Marginal note:Security a negotiable instrument
87 (1) A security is a negotiable instrument but, in the case of any inconsistency between the provisions of the Bills of Exchange Act and this Act, this Act prevails to the extent of the inconsistency.
Marginal note:Bearer form
(2) A security is in bearer form if it is payable to bearer according to its terms and not by reason of any endorsement.
Marginal note:Order form
(3) A security is in order form where the security is not a share and, by its terms, it is payable to the order or assigns of any person therein specified with reasonable certainty or to the person or the person’s order.
Marginal note:Registered form
(4) A security is in registered form if
(a) it specifies a person entitled to the security or to the rights it evidences, and its transfer is capable of being recorded in a securities register; or
(b) it bears a statement that it is in registered form.
Marginal note:Status of guarantor
88 A guarantor for an issuer of a security is deemed to be an issuer to the extent of the guarantee, whether or not the guarantor’s obligation is noted on the security.
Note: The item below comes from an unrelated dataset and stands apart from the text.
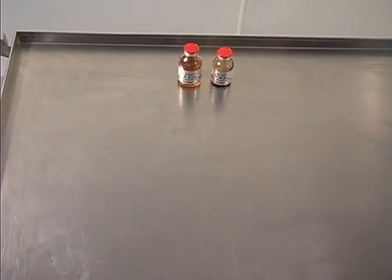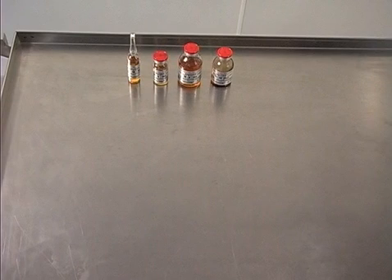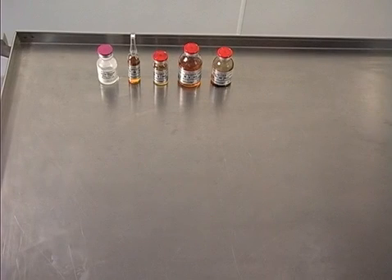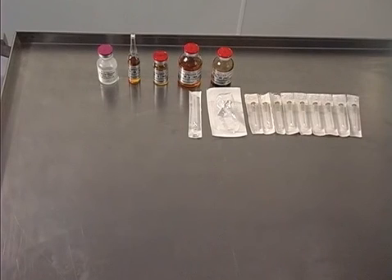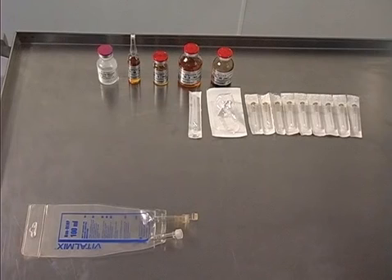The VM30, a 30-ml vial of sterile tryptic soy broth. The VM10, a 10-ml vial of sterile tryptic soy broth. And the VM10A, a 10-ml ampoule of sterile tryptic soy broth. Two 10-ml vials or one 20-ml vial of sterile water for injection. A filter needle. A hydrophilic dispensing pen. And nine 18- or higher gauge needles.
Marginal note:Rights of holder
89 (1) Subject to Part VII, every security holder is entitled at the holder’s option to a security certificate that complies with this Act or to a non-transferable written acknowledgement of the holder’s right to obtain a security certificate that complies with this Act from a company in respect of the securities of that company held by the security holder.
Marginal note:Fee for security certificate
(2) A company may charge a fee, not exceeding a prescribed amount, for a security certificate issued in respect of a transfer.
Marginal note:Joint holders
(3) A company is not required to issue more than one security certificate in respect of securities held jointly by several persons, and delivery of a security certificate to one of several joint holders is sufficient delivery to all joint holders of the security.
- 1991, c. 47, s. 89
- 1999, c. 31, s. 139
Marginal note:Signatures
90 (1) A security certificate shall be signed by or bear the printed or otherwise mechanically reproduced signature of at least one of the following:
(a) a director or officer of the company;
(b) a registrar or transfer agent of the company or a branch transfer agent or a natural person on their behalf; or
(c) a trustee who certifies it in accordance with a trust indenture.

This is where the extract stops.